At the start of June, Microsoft said that Windows 10 would officially launch on July 29. But as it turns out, that doesn’t mean everyone will get the new operating system on that date.
The first to get the high-stakes update to the company’s marquee software will be those who have been helping Microsoft get the kinks out of Windows 10, working through the Windows Insider program that went into effect last October.
“Starting on July 29, we will start rolling out Windows 10 to our Windows Insiders,” Terry Myerson, Microsoft’s executive vice president of operating systems, said in a blog post published Thursday. “From there, we will start notifying reserved systems in waves, slowly scaling up after July 29th.”
Microsoft is offering Windows 10 as a free upgrade to users of Windows 7 and Windows 8.1 in hopes of getting it into the hands of as many people as possible.
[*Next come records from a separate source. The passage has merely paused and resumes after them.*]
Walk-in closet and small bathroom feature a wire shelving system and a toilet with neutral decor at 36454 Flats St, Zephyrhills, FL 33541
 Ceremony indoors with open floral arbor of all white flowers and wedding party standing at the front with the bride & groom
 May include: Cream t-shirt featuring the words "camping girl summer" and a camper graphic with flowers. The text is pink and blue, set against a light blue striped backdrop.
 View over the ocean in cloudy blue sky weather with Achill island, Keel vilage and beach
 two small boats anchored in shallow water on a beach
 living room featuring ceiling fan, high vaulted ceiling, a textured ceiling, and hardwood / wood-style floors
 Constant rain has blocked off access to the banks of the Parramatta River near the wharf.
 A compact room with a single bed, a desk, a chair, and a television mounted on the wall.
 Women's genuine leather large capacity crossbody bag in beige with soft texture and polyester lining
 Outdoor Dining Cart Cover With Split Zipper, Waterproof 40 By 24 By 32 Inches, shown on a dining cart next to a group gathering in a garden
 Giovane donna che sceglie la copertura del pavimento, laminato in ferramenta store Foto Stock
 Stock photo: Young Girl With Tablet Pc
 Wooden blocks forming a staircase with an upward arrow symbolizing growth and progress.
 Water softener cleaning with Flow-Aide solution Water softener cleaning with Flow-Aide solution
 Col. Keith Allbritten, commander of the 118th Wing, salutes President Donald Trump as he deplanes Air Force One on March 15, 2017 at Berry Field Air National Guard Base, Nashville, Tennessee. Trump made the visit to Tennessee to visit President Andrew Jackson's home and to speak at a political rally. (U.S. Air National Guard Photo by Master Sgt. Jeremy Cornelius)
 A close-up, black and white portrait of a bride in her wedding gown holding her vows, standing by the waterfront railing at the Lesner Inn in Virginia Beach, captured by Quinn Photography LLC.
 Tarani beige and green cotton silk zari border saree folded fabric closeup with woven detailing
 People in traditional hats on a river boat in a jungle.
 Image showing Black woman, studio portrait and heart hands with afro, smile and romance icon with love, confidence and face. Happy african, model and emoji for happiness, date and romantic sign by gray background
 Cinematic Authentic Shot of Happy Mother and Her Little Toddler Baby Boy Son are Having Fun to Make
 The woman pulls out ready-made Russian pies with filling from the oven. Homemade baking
Those people have been able to reserve a copy of Windows 10, but some will have to wait for their reservation to be filled.
“Each day of the roll-out, we will listen, learn and update the experience for all Windows 10 users,” Myerson said in the blog post. “If you reserved your copy of Windows 10, we will notify you once our compatibility work confirms you will have a great experience, and Windows 10 has been downloaded on your system.”
It seems, then, that Microsoft is hoping to continue fine-tuning Windows 10 as it gets out to the wider world, sticking initially to the safer embrace of the Windows Insiders who have been combing through and helping to spruce up each new test version.
Just how far past July 29 will the rollout run? Days? Weeks? Myerson didn’t point to any specific timeline. CNET has contacted Microsoft for further details and will update the story if the company responds.
Those who have to wait indefinitely to get Windows 10 may not be thrilled if they were hoping to have it by July 29. It’s kind of like not being able to open a Christmas present until after Christmas. But Microsoft’s cautious approach may end up serving the company well.
Despite all the internal and external testing that’s been done on Windows 10, the new operating system is still just that — new. And though Myerson said that Microsoft has seen “full compatibility today with the vast majority of Windows 8x and Windows 7x systems,” there are still likely to be glitches and incompatibilities with some systems out there. Doing the rollout in stages gives Microsoft time to resolve those issues so the versions of Windows 10 launched after July 29 are more rock-solid.
Further, Microsoft knows that trying to download Windows 10 on July 29 to everyone who wants it would be difficult. Such an effort would certainly put a strain on the company’s back-end systems to try to keep up with the heavy load. Pushing out the software in stages ensures that the downloads go more quickly and smoothly.
And what about hardware vendors aiming to roll out new PCs and tablets with Windows 10?
Myerson said that Microsoft will soon deliver a build of Windows 10 to its hardware partners so they can start installing the operating system on their devices. Soon after that, Microsoft will distribute a build of Windows 10 to retailers so they can help consumers who may only just have gotten around to Windows 8.1 upgrade to Windows 10.
So although you may have to wait beyond July 29 to get your copy of Windows 10, Microsoft’s staged rollout aims to ensure that the copy you install is as stable and as compatible as possible.
“We’ve been really pleased with the strong response to Windows 10 since we kicked off reservations in early June, with millions of reservations,” Myerson said. “We want to make sure all of you have a great upgrade experience, so we’ll roll-out Windows 10 in phases to help manage the demand.”